#### What is expected:
Return the following from the records below: each line, word for word, starting with the line that contains "Dolores Castorena, Rosalba" and going on through the line that contains "آئین افتتاح طرح", with nothing outside that range.

#### Data in this exercise:
===============

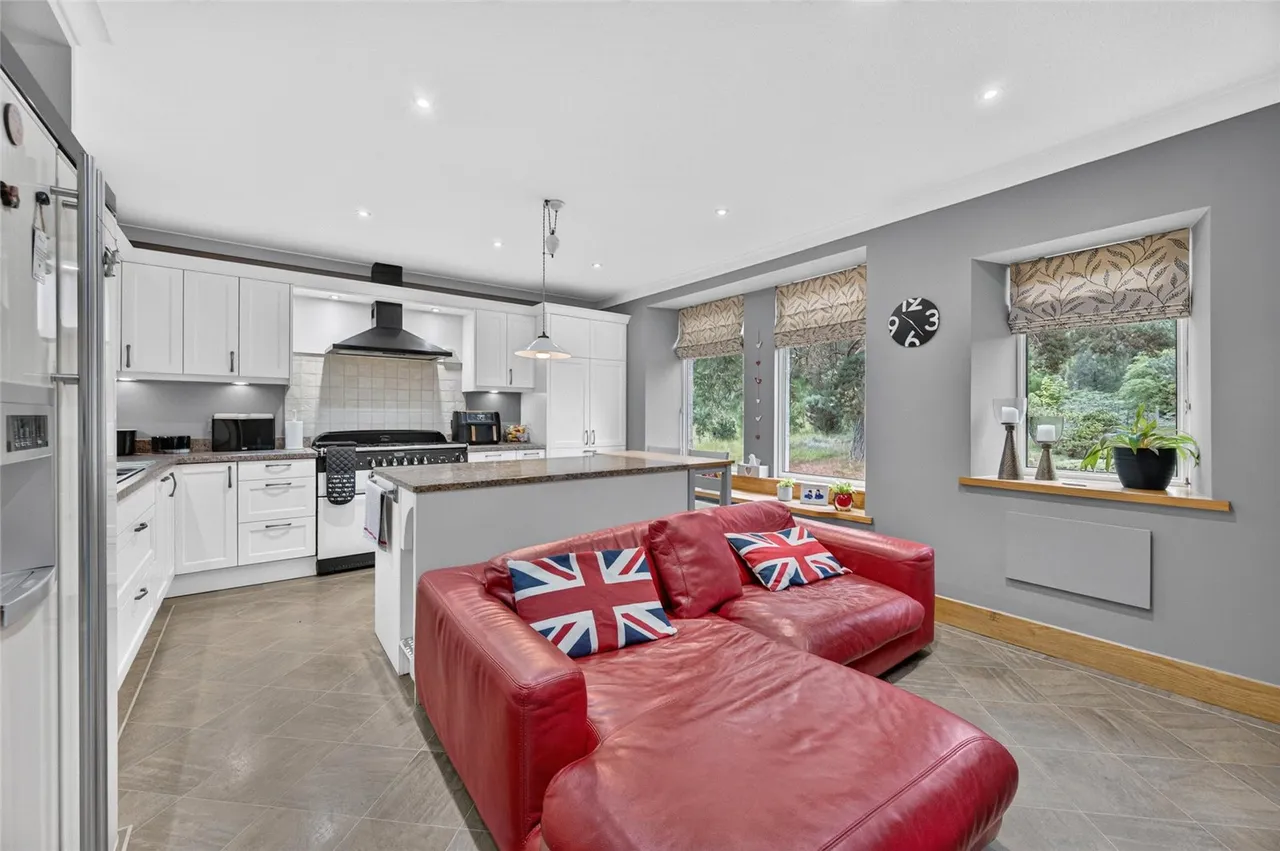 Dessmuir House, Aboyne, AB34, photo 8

===============

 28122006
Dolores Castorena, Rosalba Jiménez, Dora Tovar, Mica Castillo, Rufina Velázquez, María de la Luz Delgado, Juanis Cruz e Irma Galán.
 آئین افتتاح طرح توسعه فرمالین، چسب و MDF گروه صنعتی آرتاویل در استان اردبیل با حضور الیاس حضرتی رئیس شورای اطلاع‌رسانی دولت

===============

#### Written answer:
Dolores Castorena, Rosalba Jiménez, Dora Tovar, Mica Castillo, Rufina Velázquez, María de la Luz Delgado, Juanis Cruz e Irma Galán.
 آئین افتتاح طرح توسعه فرمالین، چسب و MDF گروه صنعتی آرتاویل در استان اردبیل با حضور الیاس حضرتی رئیس شورای اطلاع‌رسانی دولت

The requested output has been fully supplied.